Posts Tagged MAC

Authentication Primitives for Memory Authentication

Hash Functions. The first strategy (Figure 1.a) allowing to perform memory authentication
consists in storing on-chip a hash value for each memory block stored off-chip
(write operations). The integrity checking is done on read operations by re-computing
a hash over the loaded block and by then comparing the resulting hash with the on-chip
hash fingerprinting the off-chip memory location. The on-chip hash is stored on the
tamper-resistant area, i.e., the processor chip and is thus inaccessible to adversaries.
Therefore, spoofing, splicing and replay are detected if a mismatch occurs in the hash
comparison. However, this solution has an unaffordable on-chip memory cost: by considering
the common strategy of computing a fingerprint per cache line and
assuming 128-bit hashes and 512-bit cache lines, the overhead is of 25% of the memory
space to protect.

Figure 1.a Hash functions: Hashn = H(DATA n)

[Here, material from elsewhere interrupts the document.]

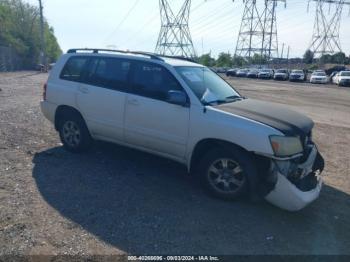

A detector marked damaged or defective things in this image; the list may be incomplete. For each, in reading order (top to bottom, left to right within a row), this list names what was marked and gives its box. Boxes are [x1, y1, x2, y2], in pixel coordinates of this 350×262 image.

MAC Functions. In the second approach (Figure 3.3-b), the authentication engine
embedded on-chip computes a MAC for every data block it writes in the physical memory.
The key used in the MAC computation is securely stored on the trusted processor
chip such that only the on-chip authentication engine itself is able to compute valid
MACs. As a result, the MACs can be stored in untrusted memory because the attacker
is unable to compute a valid MAC over a corrupted data block. In addition to the data
contained by the block, the pre-image of the MAC function contains a nonce. This
allows protection against splicing and replay attacks. The nonce precludes an attacker
from passing a data block at address A, along with the associated MAC, as a valid (data
block, MAC) pair for address B, where A 6= B. It also prevents the replay of a (data
block, MAC) pair by distinguishing two pairs related to the same address, but written in
memory at different points in time. On read operations, the processor loads the data to
read and its corresponding MAC from physical memory. It checks the integrity of the
loaded block by first re-computing a MAC over this block and a copy of the nonce used
on write operation and by then comparing the result with the fetched MAC. However,
to assure the resistance to replay and splicing, the nonce used for MAC re-computation
must be genuine. A naive solution to assure this requirement is to store them on the
trusted and tamper-evident area, the processor chip. The related on-chip memory overhead
is 12.5% if we consider computing a MAC per 512-bit cache line and that we use
64-bit nonces.

Figure 1.b MAC functions: MACn = MACk(DATA n)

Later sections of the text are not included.